Increased HR (Figure 3A) was associated with lanthanum (La), whereas reductions in HR were associated with Ba, As, Pb, EC, cadmium (Cd), Zn, sulfur (S), Sr, Mn, Ca, Ti, Fe, rubidium (Rb), chromium (Cr), Mg, Se, Sb, K, and Cu. We observed significant associations between increased HR and the refinery factor, and between decreased HR and sludge incineration, cement/lime production, and coal/secondary sulfate factors (Figure 3B).
Figure 3 Associations between HR and CAP constituents (A) and PMF source factors (B) in winter, expressed as change per interquartile range of the constituent or factor. Effect estimates in gray sections are statistically significant (p < 0.05).
Increased rMSSD was associated with Ba, EC, Zn, As, and Rb (Figure 4A) and with coal/secondary sulfate and gasoline- and diesel-powered vehicles and iron/steel manufacturing factors (Figure 4B).
Figure 4 Associations between rMSSD and CAP constituents (A) and PMF source factors (B) in winter, expressed as change per interquartile range of the constituent or factor. Effect estimates in gray sections are statistically significant (p < 0.05).

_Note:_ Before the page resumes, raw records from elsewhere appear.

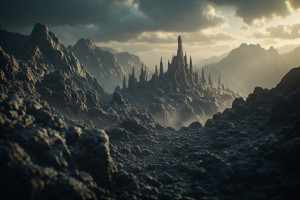 New Civilization rising from the abyss - P2.jpg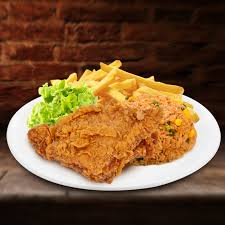 PECHO BROASTER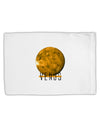 Planet Venus Text Standard Size Polyester Pillow Case by TooLoud-Pillow Case-TooLoud-White-Davson Sales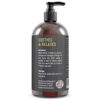 M3 Naturals Ylang Ylang and Ginger Massage Oil Infused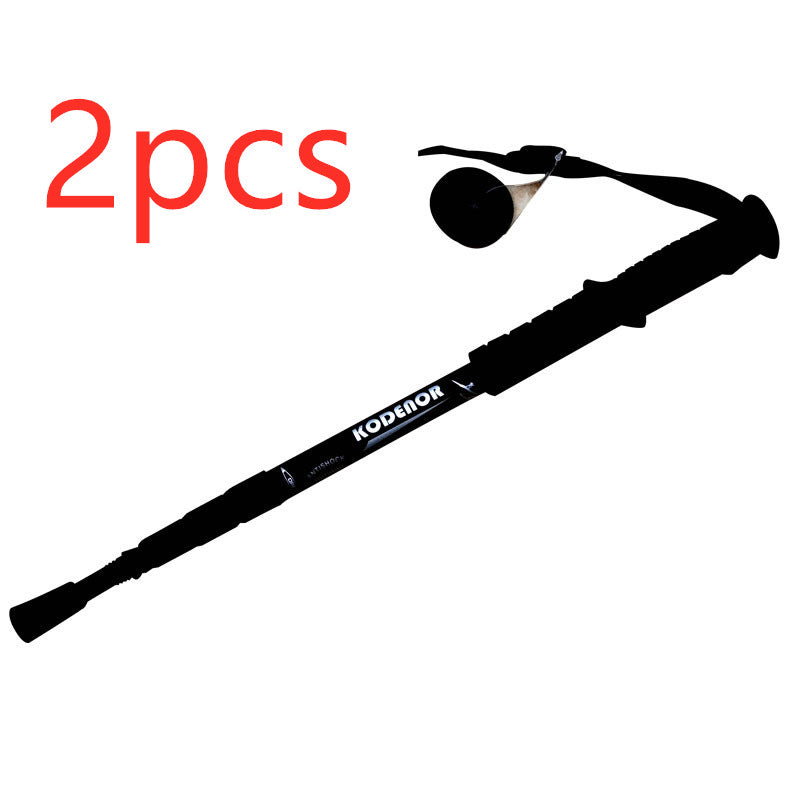 (3.3) Bastoncini da Trekking con Antishok (110 cm)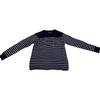 Polo Ralph Lauren Gestreifter Baumwoll-Pullover mit langen Ärmeln Kinderpullover 323839691-003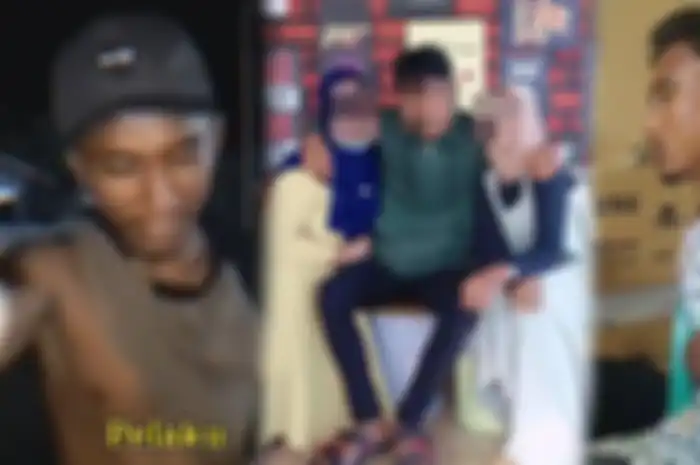 Pelaku pembunuhan satu keluarga di Babulu, Kalimantan Timur sempat membuat video sebelum melakukan aksinya. 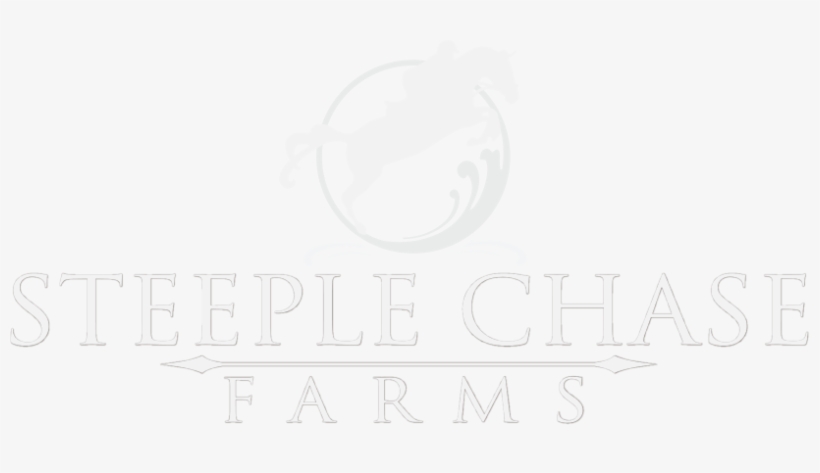 Steeple Chase Farms Logo - Lake Vista Park, transparent png download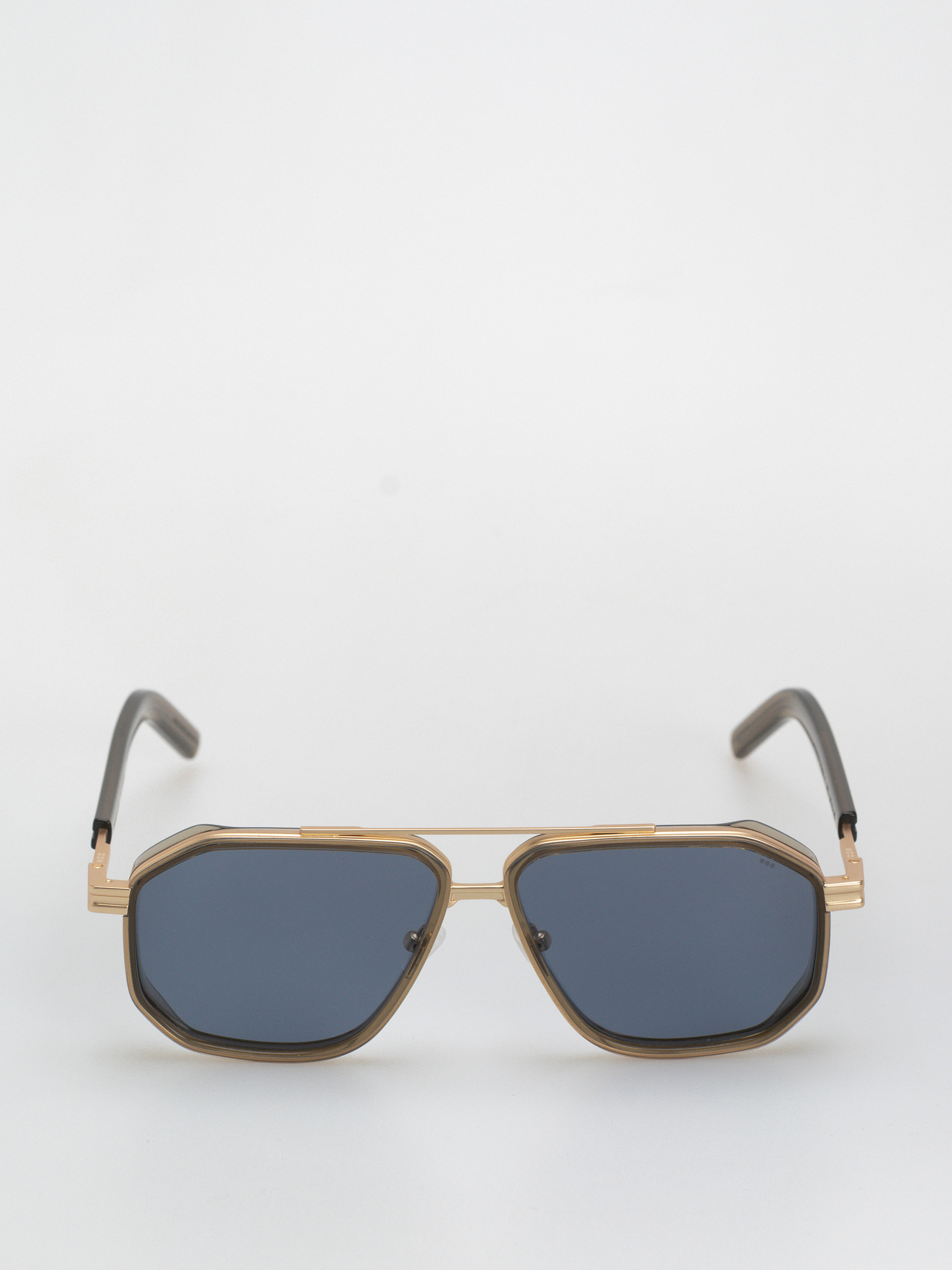 Ochelari de soare Komono Ronny (gold algae)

As in the summer season, controlling for chamber temperature did not change the estimates for group effect (air vs. CAPs) or the pollutant-specific effect estimates.

Discussion

In a similar but limited study at the same location using half as many subjects (Rohr et al. 2010), we attempted to make comparisons with CAP composition using 8-hr integrated samples. Although we detected exposure-related differences in the lung, we failed to find significant changes in cardiac function. In the present study with a larger sample size, we collected semicontinuous (every 30 min) elemental data to directly compare with HRV data in the same discrete time frame. At the same time, we also collected conventional 8-hr samples. Using this improved approach of high temporal resolution for the first time with either humans or animals, we found novel and divergent effects of CAP exposure on cardiac rhythm that depended on season and PM composition. These effects reached significance more often for the 30-min data set. Our study illustrates the utility and advantages of using more highly time-resolved exposure and outcome data, which not only increases statistical power in mixed models because of an increased sample size but also captures the often significant variability in pollutant concentrations over the course of the day.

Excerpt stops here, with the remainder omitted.